The new generation of generative AI models, as typified by ChatGPT, are dramatically different from the above. They potentially enable a wide range of tasks from writing articles to building SPARQL queries to enabling new ways of interacting with content. They can support these diverse needs because they are not trained for any specific task but their size precludes any direct fine-tuning to meet Wikimedia needs. Instead, after a generic pre-training stage in which they learn to predict the next word in a sentence, they undergo a stylistic instruction tuning stage in which they are trained to respond appropriately to a wide variety of tasks. This leaves two indirect pathways to nudge developers to train models that are beneficial for the Wikimedia projects: 1) providing more, high-quality data, and, 2) establishing benchmarks to evaluate how well these models perform for important Wikimedia tasks and guide developers in ways in which we expect them to improve.

Dumps[edit]

The Wikimedia dumps typify the long-standing approach to providing data publicly. They are not backups or always consistent or complete but they are very very good representations of the Wikimedia projects at particular moments in time. These dumps have been invaluable to the Wikimedia research and AI communities and a whole host of helper libraries have sprung up to help folks interact with this data.

The gem of these dumps is the semi-monthly snapshots of the current wikitext for every article for every language edition of Wikipedia. Wikipedia text is invaluable to natural language processing (NLP) for a variety of reasons. It is generally long-form (lots of context to learn from), "well-written", and has minimal bias (at least compared to the rest of the internet) both in terms of a neutral point-of-view and the constant efforts of Wikipedians to close knowledge gaps. The content is trustworthy and sources reliable thanks to the careful work of the editor community. And the content is highly multilingual, making it especially important to the ability of developers to train models in languages that are underrepresented digitally.

For a long time, these dumps were still a messy resource that NLP folks had to further process to remove the various wikitext syntax (templates, categories, etc.) to leave the simple plaintext or natural language content of an article. Different researchers took slightly different approaches from a simple Perl script to a more fully-fledged Python library that also expands some templates. It's only recently that some standardization has appeared (positive foreshadowing) with HuggingFace providing already-processed plaintext snapshots of Wikipedia and this has been one of their most popular datasets along with subsets such as this 2016 dataset of text from just good and featured articles.
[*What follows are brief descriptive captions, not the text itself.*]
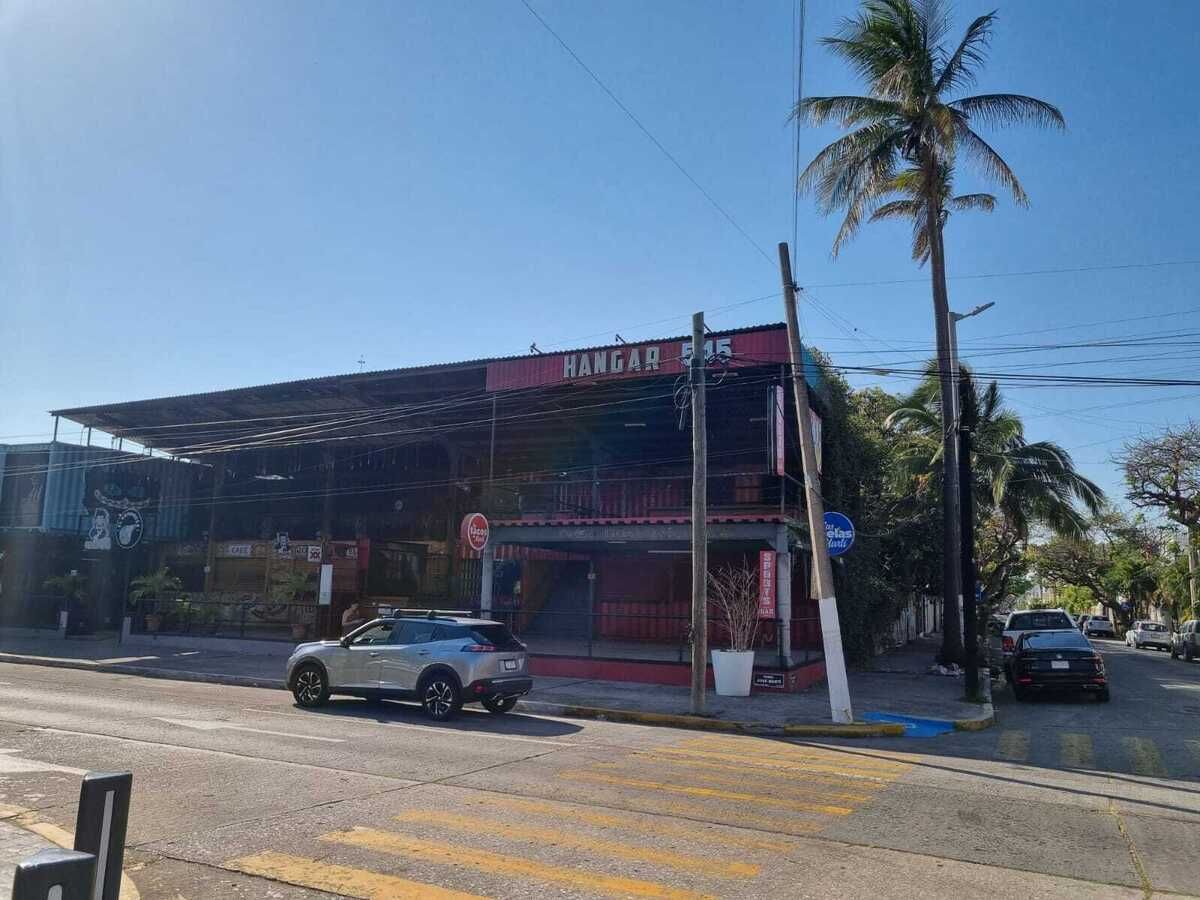 2 de 9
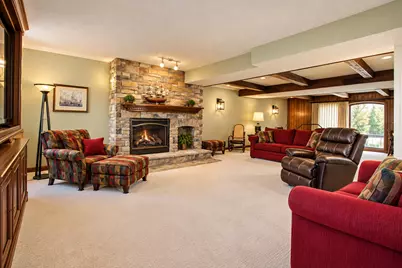 17N396 Binnie Lakes Trail, Dundee, IL 60118 - Photo 39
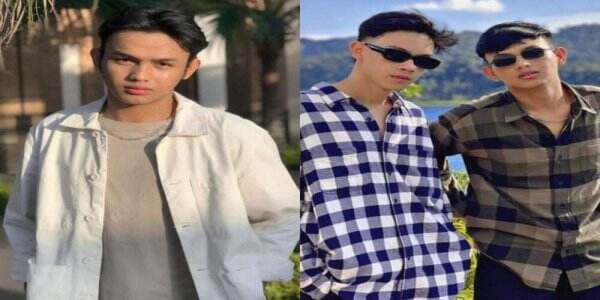 Fakta dan Profil Farhan Ramananda, TikToker Ganteng Disebut Kembaran Ryan Angga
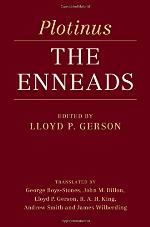 The Enneads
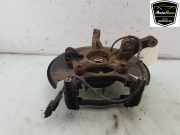 Achsschenkel Links Vorne 94524773 Opel Mokka/Mokka X SUV 1.4 Turbo 16V 4x2 (B14NET(Euro 6)) 2015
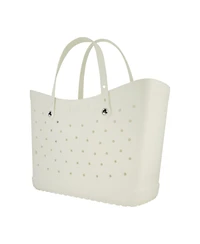 Crocs Large Classic Tote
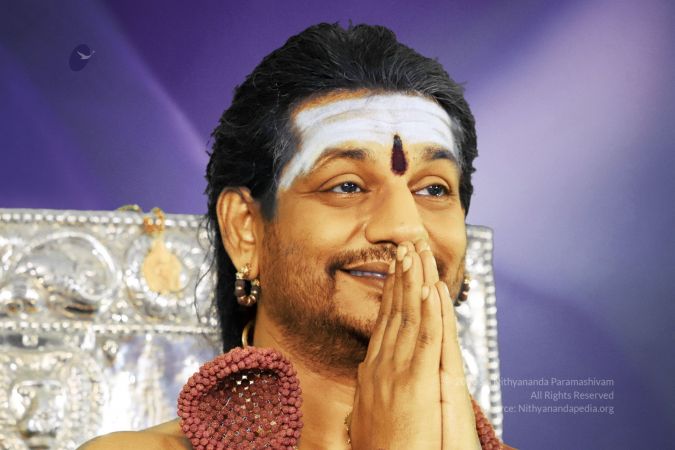 20200305 Photo 1013 1QuIFP5WYtlgI6FScaqu869g7kU cuptb.JPG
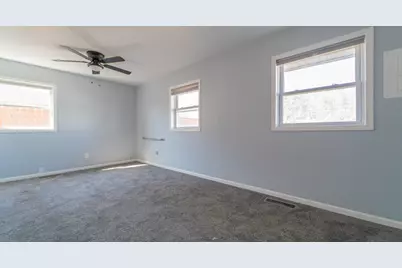 2517 River Drive, Highland, IN 46322 - Photo 12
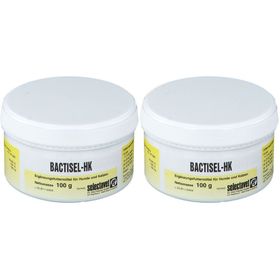 BACTISEL-HK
The dumps are not complete though. Notably, none of the imagery that is found on Wikipedia (or not but still on Wikimedia Commons) is available via dumps. Downloading this large source of freely-licensed imagery requires gathering the images one-by-one via APIs, but this can easily take months or result in throttling if the requests are too frequent. Large one-off subsets of Commons have been released in the past – most notably the Wikipedia-Image Text dataset, which could be compiled by Google given their unique infrastructure and was further parlayed into an image-text modeling challenge – but these remain one-offs and usually focus on just the subset of imagery that appears on Wikipedia. This large gap in the dumps means that Wikimedia is not nearly as well-represented within the computer vision community and resulting image or multimodal models, with datasets like ImageNet or LAION that are scraped from the broader web being more common.